Le 12 avril dernier, lors de l’audience, l'avocat de la famille du défunt, Maître Jean-Jacques Rinck, a souligné que l'ouvrier était décédé parce qu’il avait inhalé trop d'émanations de bitume. L’avocat a fait un parallèle avec l'amiante, autre facteur de maladie professionnelle retenu par les magistrats.

 

La caisse primaire d'assurance maladie (CPAM) avait suivi le même raisonnement en reconnaissant un lien direct entre le cancer de l’ouvrier et l’exercice de son activité professionnelle. Il s’agissait bien d’une maladie professionnelle selon l’organisme.

 

Restait alors à apprécier l’existence d’une éventuelle faute inexcusable de l’employeur au regard de son obligation de sécurité, ce que souhaitait vivement la famille de l’intéressé qui demandait indemnisation de son préjudice à la société.

 

La faute inexcusable de l’employeur est reconnue, en cas de manquement à l’obligation de sécurité de résultat découlant du contrat de travail, lorsque ces deux conditions sont réunies :

  • l’employeur avait ou aurait dû avoir conscience du danger risqué pour le salarié ;
  • l’employeur n’a pas pris les mesures nécessaires pour préserver le salarié.

 

 

Le manquement à cette obligation de sécurité caractérise de la sorte la faute inexcusable au sens de l’article L.452-1 du code de la sécurité sociale.

 

Lorsque la maladie professionnelle est due à une faute inexcusable de l’employeur, elle entraîne pour le salarié la majoration de son indemnisation et la réparation de divers préjudices.
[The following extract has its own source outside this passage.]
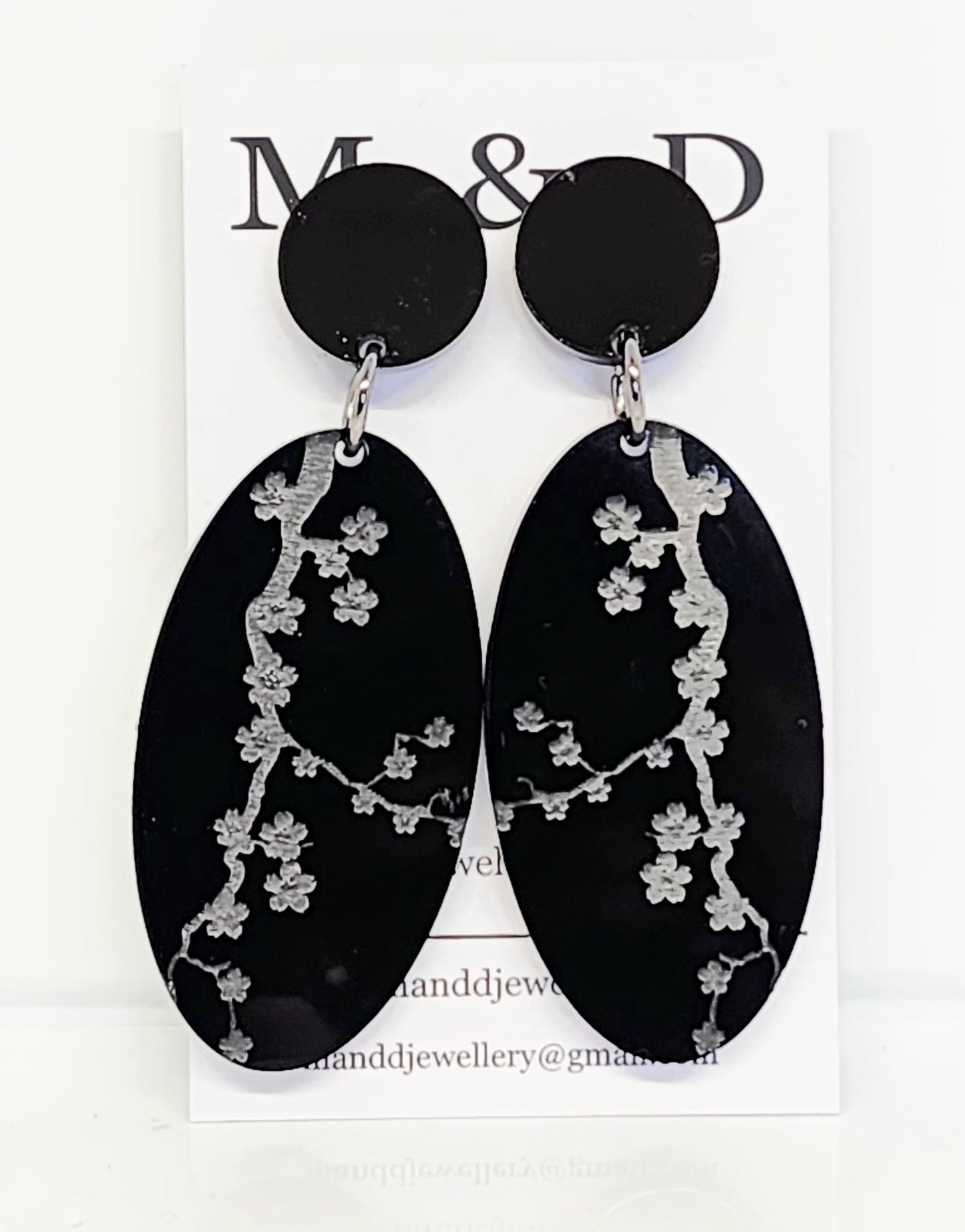 Oval Engraved Blossom Branch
En cas de décès, ce sont les ayants-droit (les enfants et la femme par exemple) qui peuvent prétendre à une majoration de la rente.

 

Dans le litige en question, la famille de l’ouvrier décédé agissait afin de voir consacrée la faute inexcusable, cela dans un but d’indemnisation supplémentaire mais surtout afin que la responsabilité de l’employeur soit retenue.

 

La société Eurovia, employeur de l’ouvrier décédé contestait évidemment l’existence d’une telle faute et le caractère professionnel du cancer de son salarié.

 

Pour se défendre, elle avance que la maladie de la victime est liée à une exposition excessive au soleil et non à l'inhalation de produits toxiques. Elle ne considère pas le cancer de la peau de Monsieur Serrano Andrade comme une maladie professionnelle.

 

Finalement, la faute inexcusable a bien été reconnue par le Tribunal. Maître Rinck s’est félicité de cette décision : c'est la première fois qu'un tribunal français reconnaît le caractère professionnel à un cancer suite à l’inhalation de fumées toxiques du bitume.

 

Cette décision est donc un premier pas vers la reconnaissance des maladies professionnelles liées à l’inhalation de bitume et un espoir pour les nombreux ouvriers exposés à ce risque.

Le jugement de ce jour est cependant susceptible d’appel. La procédure ne serait donc pas terminée si la société décidait de contester sa condamnation.